Cesare glanced at Barbara. She was still lying quietly. He rose swiftly, took a deep breath and dove into the water. He went down deep, his eyes straining as he swam out to the center of the pool.
Barbara sat up when she heard the splash of his dive. “Cesare,” she called.
But he was already gone, bubbles trailing in his wake. She blinked her eyes and smiled. In some ways he was like a small boy. For three days now he had been practicing swimming underwater across the pool and back. She glanced up at the clock on the cabana wall. It was twenty minutes to four. She began to gather up her things. It was getting late and they would have to leave soon.
She had just finished retouching her lipstick when his head came up over the edge
of the pool near her. His mouth was open in a strange grin as he gulped air into his lungs. He stared at her as if she were far away.
“Did you make it this time?” she asked, smiling.
“I made it,” he answered as he pulled himself out of the pool.
Her voice was shocked. “Cesare!”
A flash of fear leaped into his eyes. His hand felt for the stiletto. It was there, back in the sheath. He looked at her, then followed her gaze back down to himself. He caught the robe she flung at him and wrapped it around himself. She was laughing now as he walked toward her. “Cesare, you are like a little boy. The minute you get excited, it shows,” she teased.
He grinned at her without embarrassment. He took her hand and pulled her to her feet. “Didn’t I tell you that we Sicilians are very basic people?” He laughed.
She picked up her beach bag and, still laughing, they walked back into the hotel.
***
The telephone in the cabana began to ring. Stanley got to his feet. “Keep an eye on him while I get the phone,” he said to the other agents.
They nodded and he walked back into the cabana. The youngest agent looked around and then spoke to the other man. “I’d like to come back here sometime when I’m not working.”
The other man grinned. “You couldn’t afford it. Everything comes high in this place.”
Stanley came back. For the first time in several days, he was smiling. “Come on,” he said to them. “Let’s get him out of there. We’re going to New York tonight.”
The other men got to their feet and they all turned toward the pool.

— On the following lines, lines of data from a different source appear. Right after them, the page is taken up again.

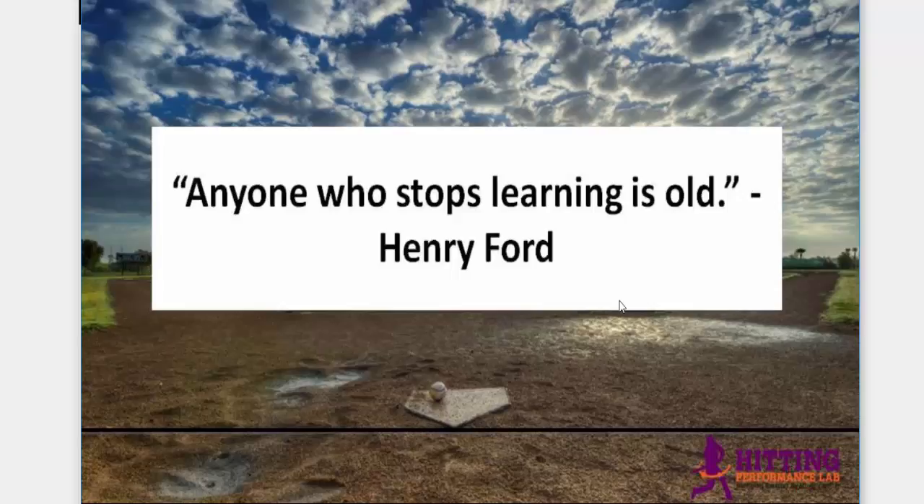Hey, what's going on? It's Joey Myers from the Hitting Performance Lab. I wanted to start off with a quote: 'Anyone who stops learning is old,' by Henry Ford. And I would like to say, anyone who teaches squishing the bug is old.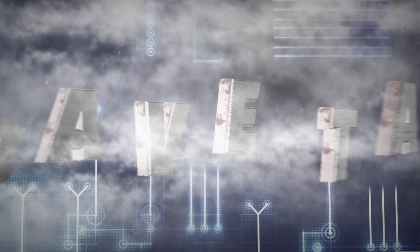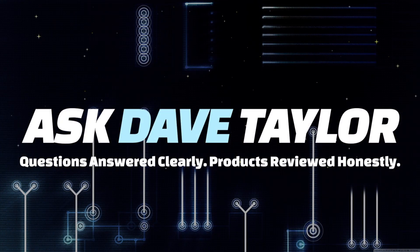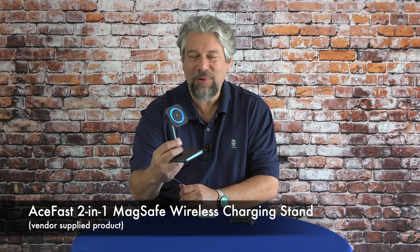A 2-in-1 wireless charging stand? Let's check it out. Dave Taylor here and I'm checking out this — the Ace Fast 2-in-1 MagSafe wireless charging stand, and it's pretty nice.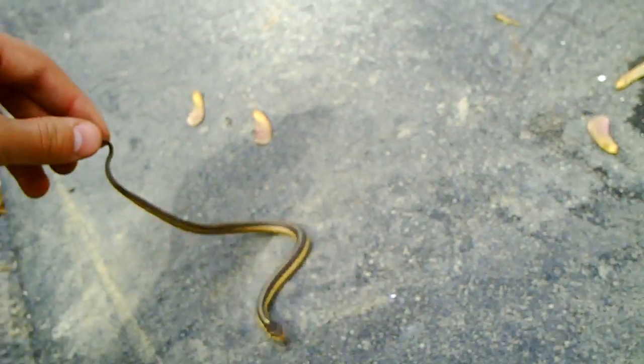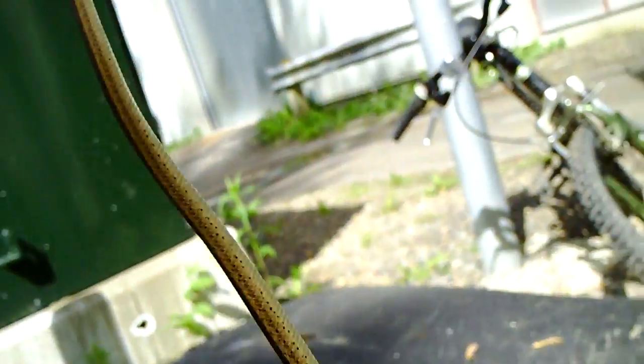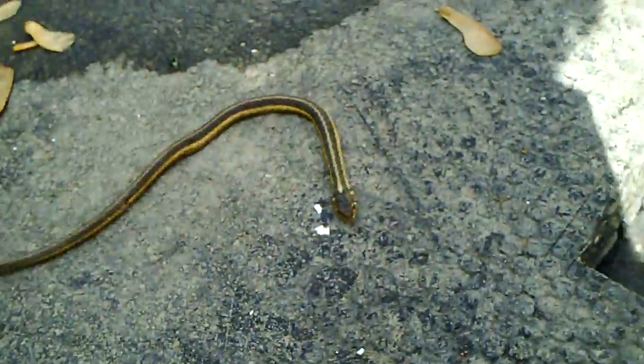He's just trying to bite me right there. And when they're scared, they let off a musk, which is really disgusting. It's a male by the length of its tail — see, their tail is really long from their vent to their tail tip. You can tell it's a male.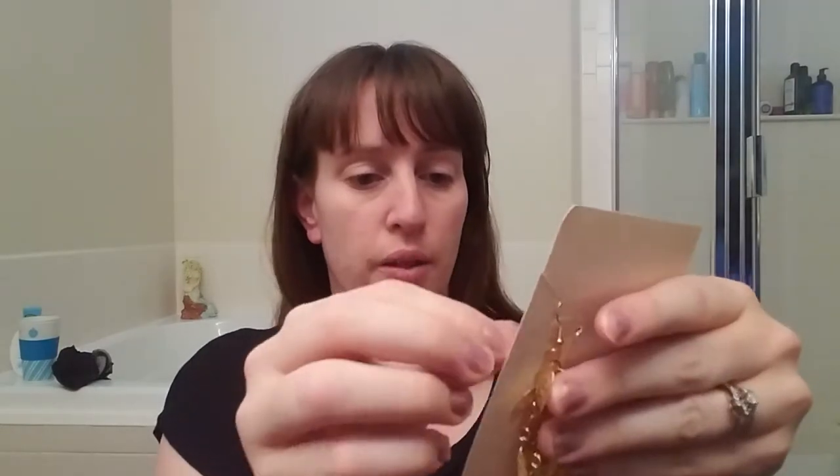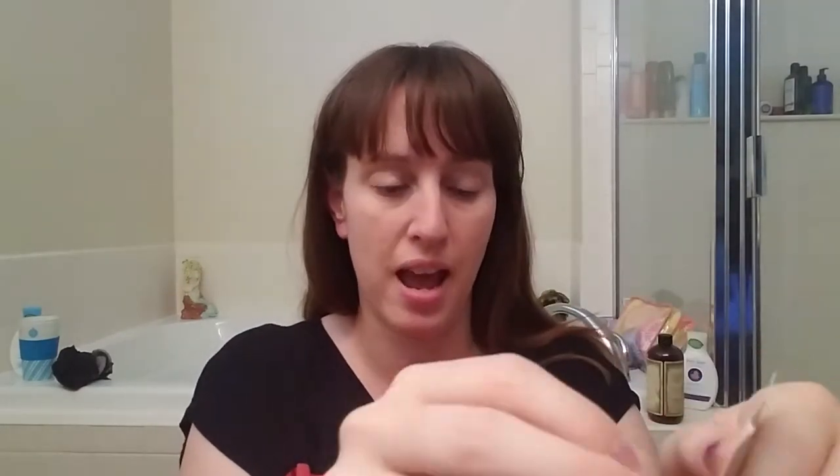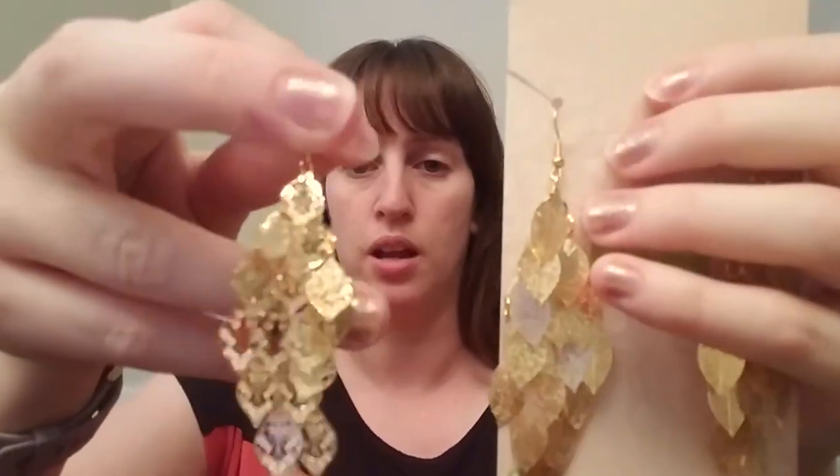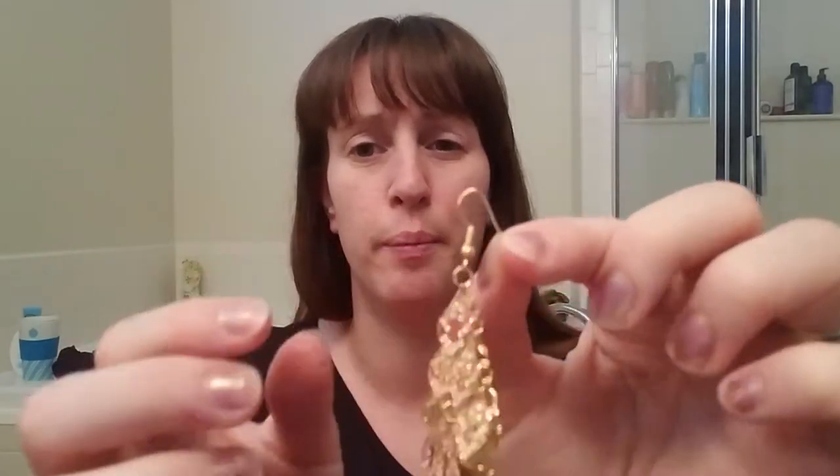I'm gonna go ahead and take these ones off, stick them right back on the cartridge, and then we're gonna try these other ones. These ones are also leaf-shaped, but these don't really have much of a pattern to them, whereas the first ones have much more of a cut-out pattern. The hoops seem to be rather tight and pinched together so I'm having to loosen them up just a little for my comfort. They go in fairly easily, no problem.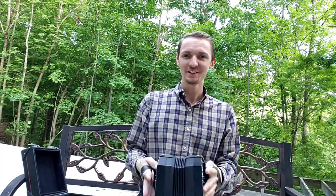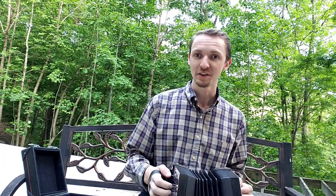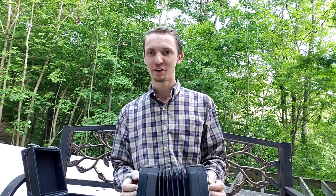I'll play a tune for you and I'll try it on the concertina. It's still pretty rough on the concertina but I hope you enjoy it. This tune is called The Geese in the Bog. It's a very common jig, one I've always been fond of.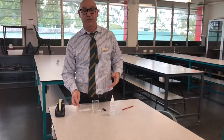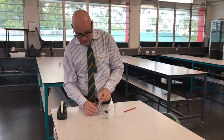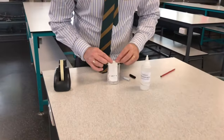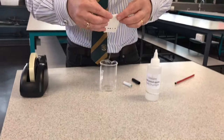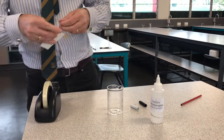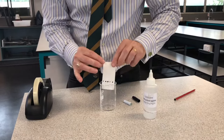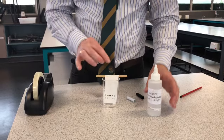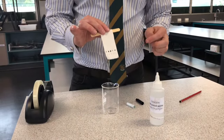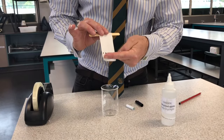We'll use a solvent - a liquid in which stuff dissolves - and we're going to use methylated spirits in a beaker. I'm using a paddle pop stick just to hold the paper so it doesn't fall over in the liquid. The most important part: we don't want to cover the ink dots in the methylated spirits - the liquid level should stop just below them.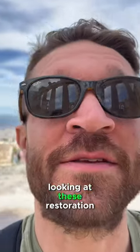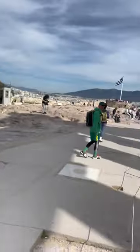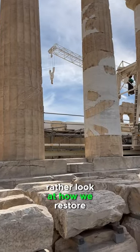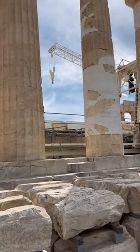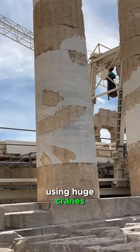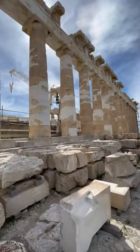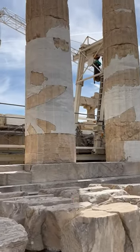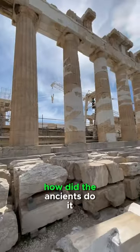I always find it interesting looking at these restoration pieces, because look at how we build now — or rather, look at how we restore things using huge cranes. So how did the ancients do it?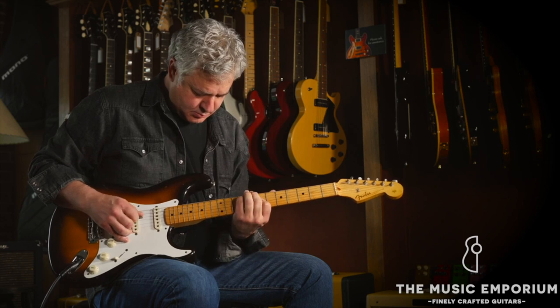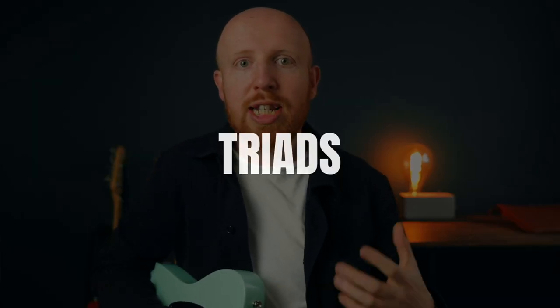A guilty pleasure of mine has always been country music — actually, no, I'm not even going to say it's a guilty pleasure, I don't feel guilty about it. Country is awesome and pedal steel is a really cool sound. Today I'm going to share three hacks or things you can do to immediately emulate that sound. It's great for lead, it's great for rhythm, and it works in any song that's in a major key, so it doesn't even need to be just for country music. These pedal steel techniques are all going to be based around triads.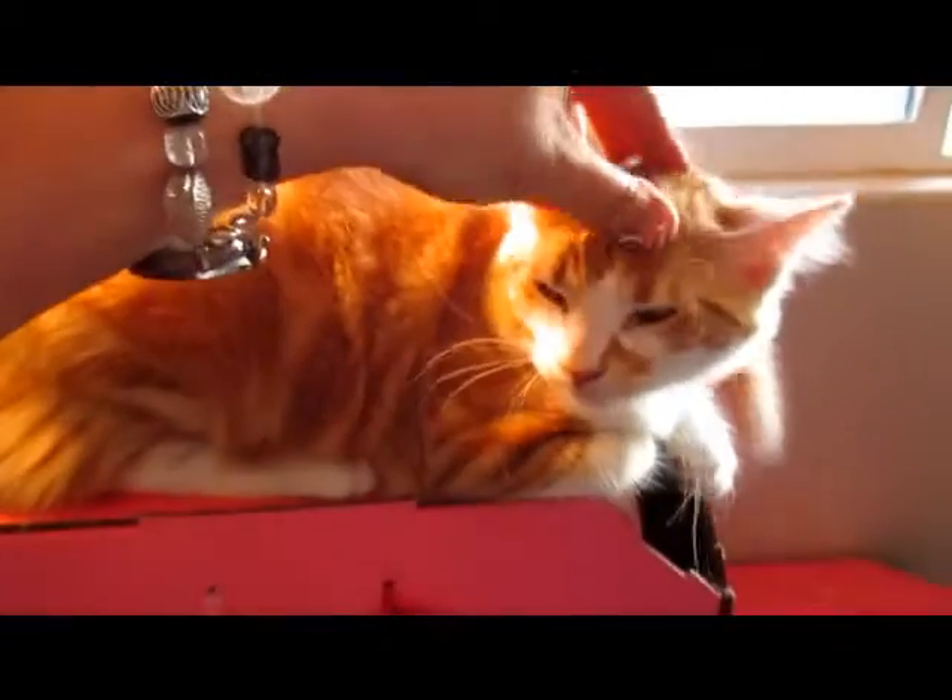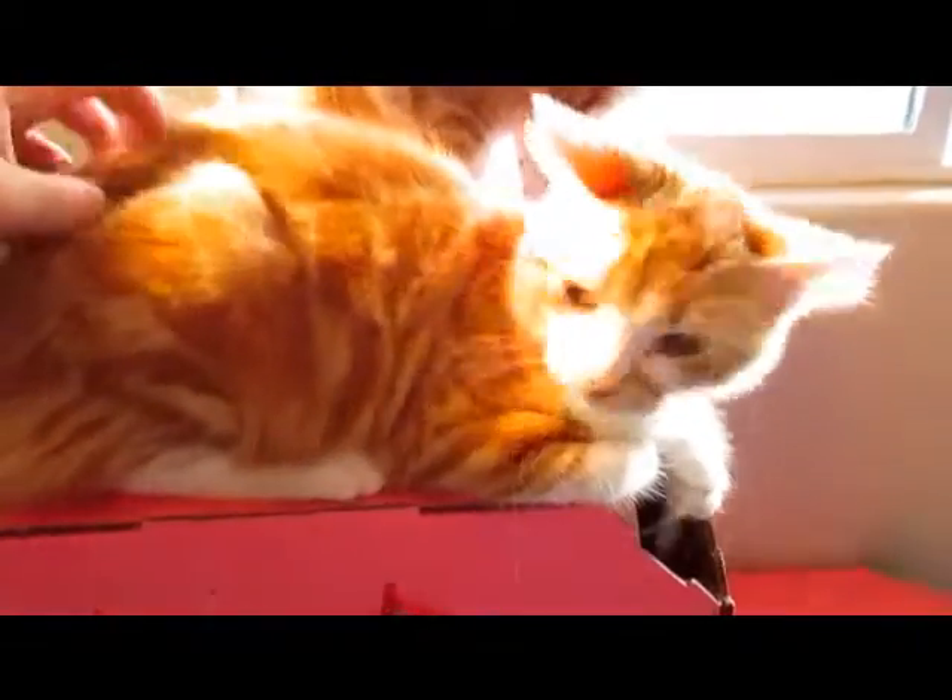Hi, kittens. Hi, Simon. Bye, Lola. It's been fun.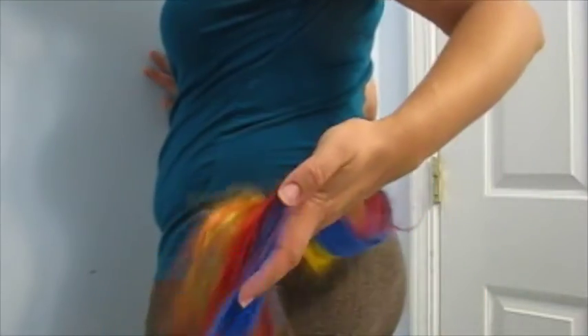It also comes with — let me move my tripod down a little bit so I can show you — this really cool tail, which I just have tucked into the back of my pants. Same kind of rainbow hair as in the wig.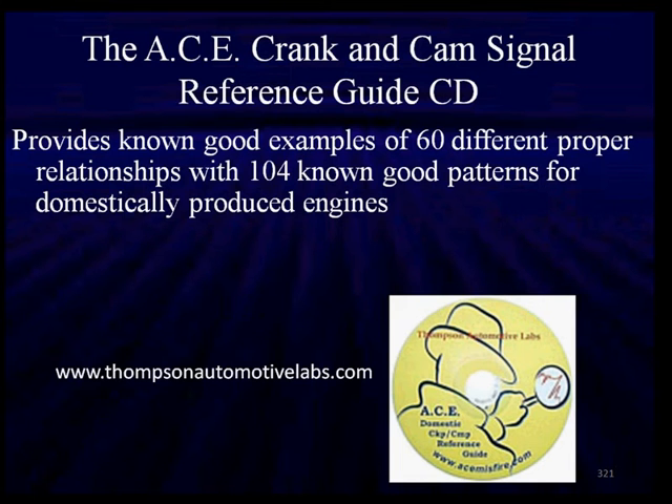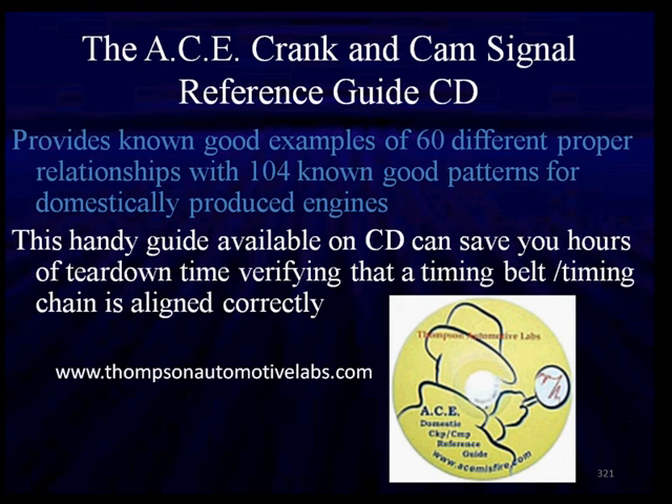We have been using the crank and cam signal reference guide CD from Thompson Automotive Labs. It provides good known examples for domestically produced engines. There's no answers to everything, but this is a handy guide available on CD that can save you hours of teardown time looking at timing belt and timing chain problems and making sure they're done correctly.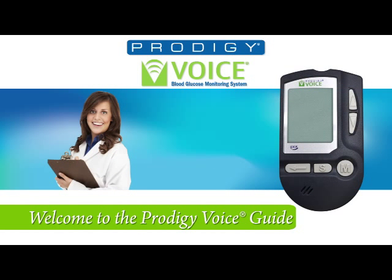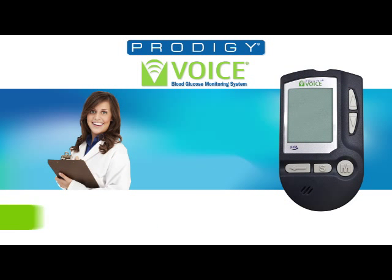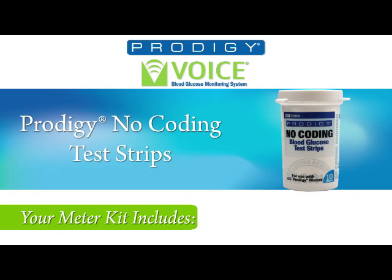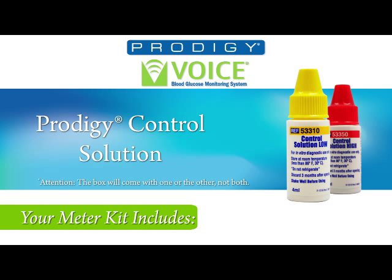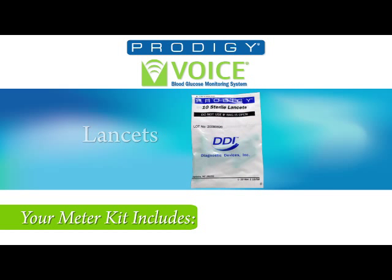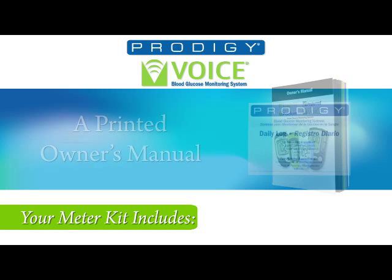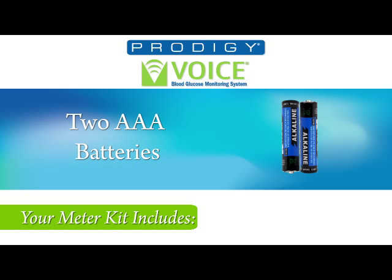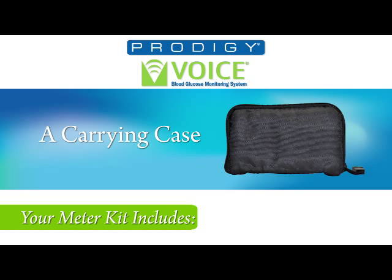Welcome to the Prodigy Voice Meter. Upon opening the box, you'll find inside: the Prodigy Voice Meter, Prodigy No-Coding Test Strips, Prodigy Control Solution, a lancing device, lancets, a printed owner's manual, logbook, warranty card, two AAA alkaline batteries, and a carrying case.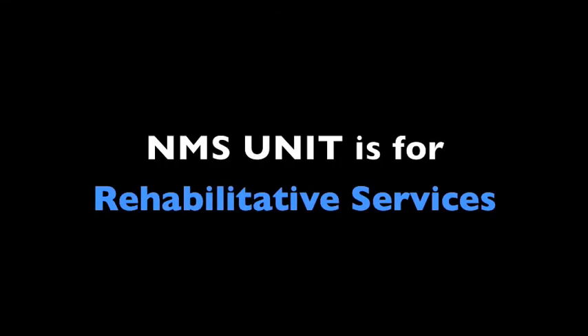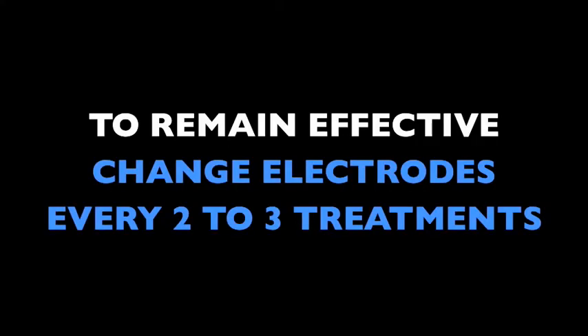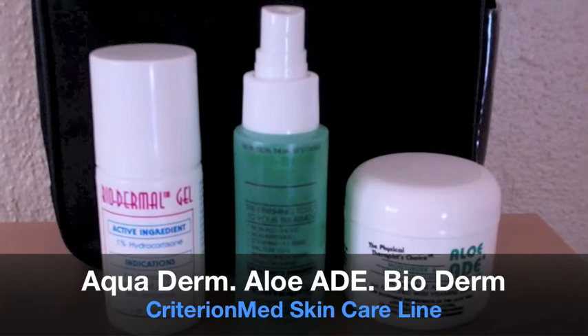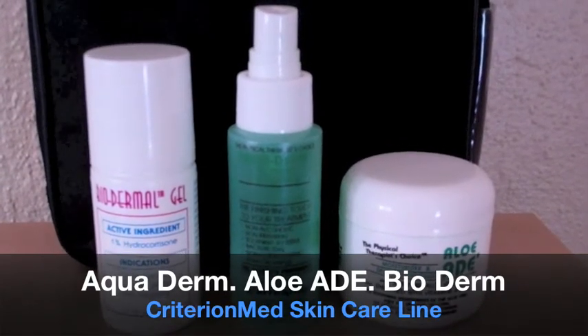The NMS unit is for rehabilitative services. The TENS unit is for pain management. Please remember, to remain effective, electrodes must be replaced every two to three treatments. Before using your device, be sure to familiarize yourself with our three essential skincare products: Aquaderm, AloeAid, and Biodermal Gel.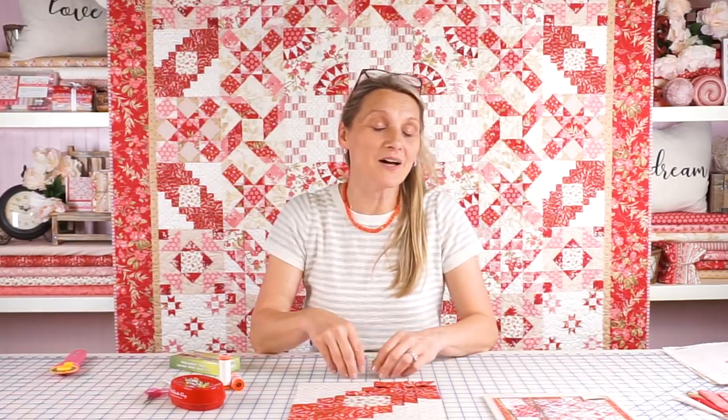Hi guys, Edita Sittar from Laundry Basket Quilts. I am so excited to be here at Fat Quarter Shop Studio to prepare a beautiful block of the month for you. We are on block of the month number three.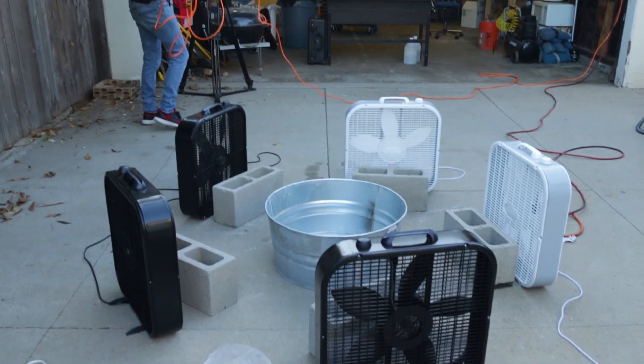The first step is to get the fans in place so we get the right vortex to create a fire tornado.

Stanley’s voice carried over to the raft. “Okay, Sam. Come on in. Your ten minutes are up.”
But more than ten minutes were up for Sam. Sam Vanicola was lying there dead on the slowly sinking raft, his face pressed close to the Plexiglas shield, looking into the water. And even the last memory was gone from his mind now. The sight of Cesare’s grinning face coming up at him from the bottom of the pool just before his heart exploded in a pain he never knew he could feel.